Elle a duré tout le temps. La nuit où il est mort, nous nous étions parlé au téléphone. Quand je l'ai rencontré, en 1961, la poésie n'était pour moi qu'un souvenir scolaire ; elle est devenue ma vie. C'est vaste, la littérature, cela englobe tout ce qui est écrit. C'est pourquoi je suis peu attiré par l'Afrique...

C'est étrange de votre part... 

Non, car les perceptions, chez moi, se traduisent immédiatement en termes intellectuels. Les sensations pures n'existent pas.

L'Afrique est un réservoir immense de perceptions... 

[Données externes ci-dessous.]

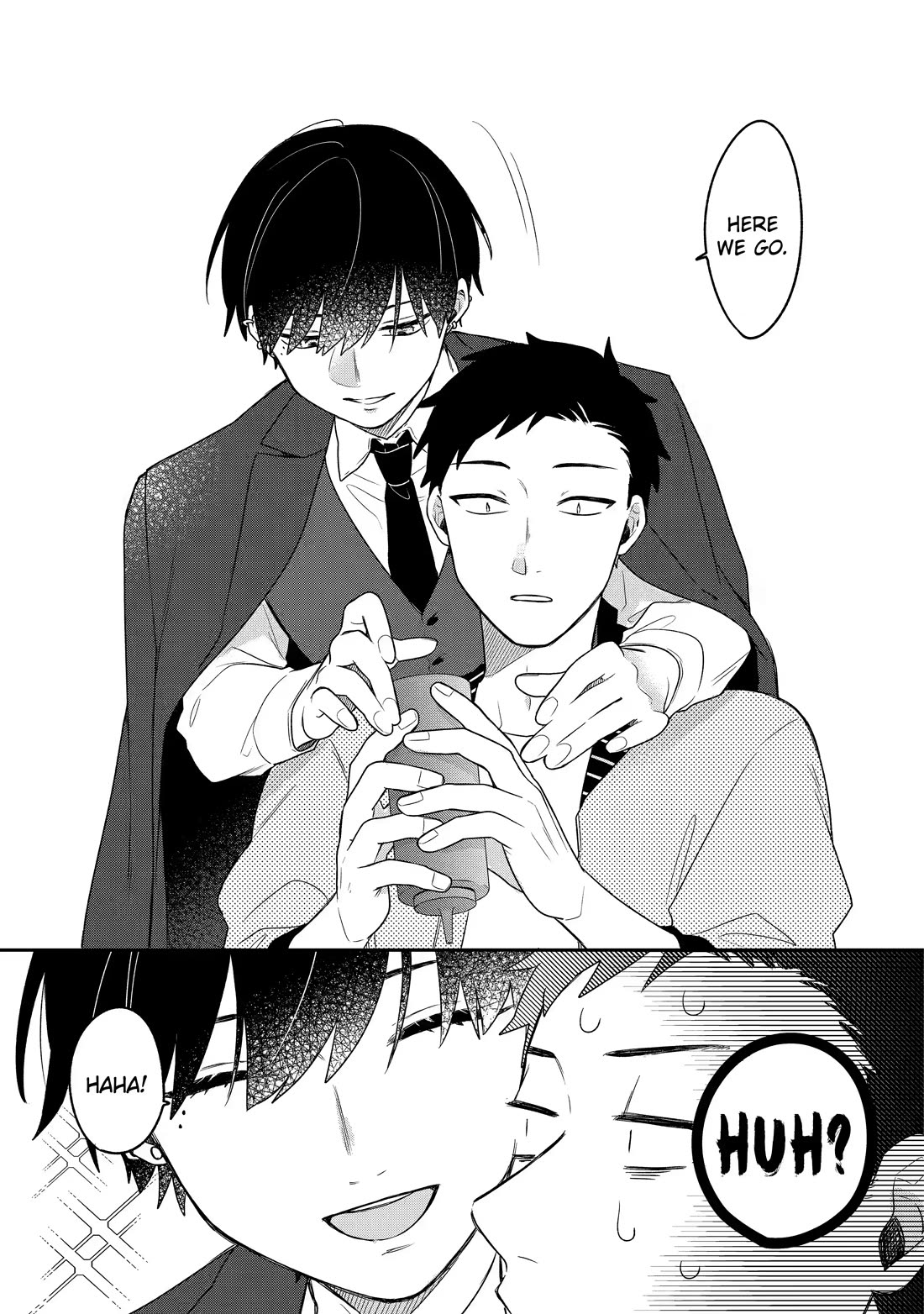How I Attended an All-Guy's Mixer Chapter 6 page 9 - Chapter 6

Je connais seulement l'Afrique du Nord. L'islam a de grands poètes, de grands philosophes. C'est un monde très riche. Quand je disais que l'Afrique ne m'attire pas, je parlais de la forêt, la jungle, les savanes. Les girafes et les zèbres, je m'en fiche.

Les zèbres ? C'est du graphisme pourtant... 

Je n'ai rien contre les zèbres [rire], j'aime bien leur graphisme, c'est vrai, mais ça ne m'intéresse pas, je ne sais pas quoi en faire.

On dirait que le design laisse à l'art la part sombre, la critique sociale, et prend la part optimiste, le calme, la beauté, pour faire diversion. Qu'en pensez-vous? 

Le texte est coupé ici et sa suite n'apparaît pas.